An anti-renewables engineer and a former Daily Mail blogger have been appointed to the board of the UK’s principal climate science denial campaign group, the Global Warming Policy Foundation (GWPF).
Professor Michael Kelly, an electronics engineer at Cambridge University, and Kathy Gyngell, co-editor of the Conservative Woman political blog, both have a long-standing relationship with the organisation. Neither have qualifications or expertise in climate science.
Professor Michael Kelly
Kelly’s connection to the group founded by former Chancellor Nigel Lawson in 2009 goes back at least as far as 2014, when he wrote a report downplaying the potential of renewables to meet energy needs. The GWPF recently announced Kelly will give the charity’s invitation-only annual lecture this year.
The Cambridge engineer, who does not appear to have published any peer-reviewed papers on climate change, said he favoured adaptation as a response to its impacts.

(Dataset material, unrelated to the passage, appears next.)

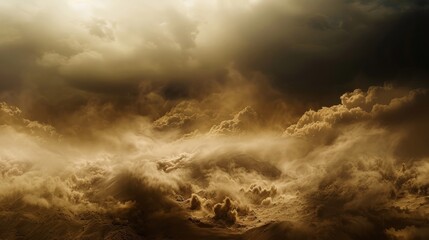 Fog brown background with smoke clouds. Dusty field with smoke clouds.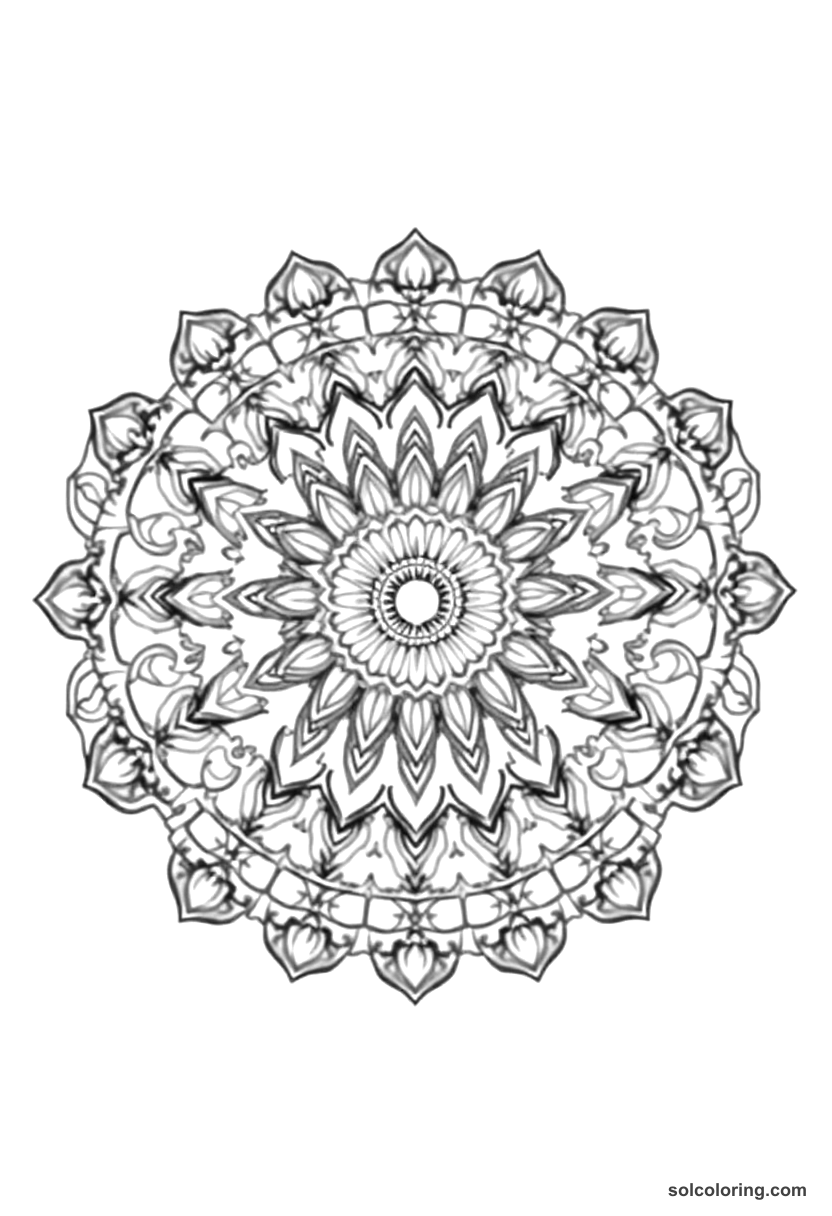 Mandala Ancient Persian Royal Court of Darius coloring page, free printable mandala style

In the report, he claimed the “necessity for mitigation through decarbonisation of the economy remains unproven in the absence of any reliable alternative technologies that would solve the problem at a global scale”. He also argued that, “without major social disruption, the Dutch have adapted to rising sea levels over previous centuries, and they should be a model for the world going forward.”
Kelly has also previously taken aim at the Royal Society, the world’s oldest scientific academy of which he is a Fellow, for “lobbying” on climate change. And in 2010 he co-signed a letter to the Society’s president criticising it for accepting mainstream climate science.
In another joint letter, published by the Wall Street Journal under the headline “No Need to Panic About Global Warming”, Kelly repeated a familiar trope that “CO2 is not a pollutant. CO2 is a colorless and odorless gas, exhaled at high concentrations by each of us, and a key component of the biosphere’s life cycle.” The letter went on to decry the “international warming establishment”.
And in 2010, he was a member of the independent scientific assessment panel set up to investigate the so-called “Climategate” email controversy. The inquiry into emails hacked from the University of East Anglia’s climate change research department concluded that there was “no evidence of any deliberate scientific malpractice in any of the work of the Climatic Research Unit”.
Kelly’s appointment comes a month after the Chairman of Anglia Ruskin University, Dr Jerome Booth, was made a trustee of the GWPF.
Kathy Gyngell
The Conservative Woman website, formed in 2014 by Gyngell and Laura Perrins as a “counter-cultural offensive against the forces of Leftism, feminism and modernism”, regularly publishes articles critical of action on climate change, accusing policymakers of being “manipulated by the green lobby”. It is one of the few outlets that regularly gives a platform to GWPF members.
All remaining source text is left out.